Suit Tossed Over Fatally Shot Unarmed Teen

     LOS ANGELES (CN) – Los Angeles police officers are not liable for fatally shooting a 19-year-old armed only with a cellphone after a high-speed chase, a federal judge ruled.
     Abdul Arian had drawn the attention of police after he ran a red light on April 11, 2012. During the ensuing high-speed chase, Arian allegedly told a 911 operator there was “something” in his trunk, the court’s Tuesday order stated.
     After the LAPD finally immobilized Arian’s car on the 101 freeway in Woodland Hills, Arian emerged from his car, pointing his cellphone at the officers. Officers shot at him, but Arian appeared unaffected, ran a bit away and again pointed his phone at them. The second volley of shots killed Arian.

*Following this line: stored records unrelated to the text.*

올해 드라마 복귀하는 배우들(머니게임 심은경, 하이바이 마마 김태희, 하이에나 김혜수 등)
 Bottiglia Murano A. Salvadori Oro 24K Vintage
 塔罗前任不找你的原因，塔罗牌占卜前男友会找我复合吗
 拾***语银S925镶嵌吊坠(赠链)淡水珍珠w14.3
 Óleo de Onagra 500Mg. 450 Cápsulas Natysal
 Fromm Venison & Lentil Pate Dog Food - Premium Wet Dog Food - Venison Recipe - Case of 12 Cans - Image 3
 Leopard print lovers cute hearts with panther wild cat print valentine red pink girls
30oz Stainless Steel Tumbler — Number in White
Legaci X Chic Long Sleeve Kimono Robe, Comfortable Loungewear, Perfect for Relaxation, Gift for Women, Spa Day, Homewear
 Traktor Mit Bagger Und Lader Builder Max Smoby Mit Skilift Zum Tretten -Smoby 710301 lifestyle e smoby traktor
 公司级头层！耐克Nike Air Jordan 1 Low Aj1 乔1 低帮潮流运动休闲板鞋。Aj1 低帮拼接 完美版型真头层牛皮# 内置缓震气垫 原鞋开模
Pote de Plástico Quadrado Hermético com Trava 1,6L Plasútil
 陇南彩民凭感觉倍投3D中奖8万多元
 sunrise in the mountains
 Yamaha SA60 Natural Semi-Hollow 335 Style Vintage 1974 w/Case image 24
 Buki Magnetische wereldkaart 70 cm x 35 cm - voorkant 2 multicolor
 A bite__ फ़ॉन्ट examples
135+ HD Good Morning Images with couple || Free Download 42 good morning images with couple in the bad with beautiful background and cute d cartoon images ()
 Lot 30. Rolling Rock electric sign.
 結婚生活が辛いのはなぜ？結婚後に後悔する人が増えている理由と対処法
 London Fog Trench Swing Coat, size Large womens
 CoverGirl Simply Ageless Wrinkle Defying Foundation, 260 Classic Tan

     The LAPD later represented that Arian told the operator during the chase that he had a gun and was prepared to use it. No weapon was found in the trunk or car.
     His family’s June 2012 complaint claimed that he was not intoxicated, and alleged that officers shot at the unarmed 19-year-old roughly 120 to 150 times.
     “By the time Arian fell to the ground, at least three officers had emptied their 16-round magazines,” U.S. District Judge Gary Klasuner wrote.
     Klausner nevertheless granted the city summary judgment Tuesday, finding that the shooting was justified because it was reasonable for officers to believe that Arian was holding a gun, instead of his cellphone.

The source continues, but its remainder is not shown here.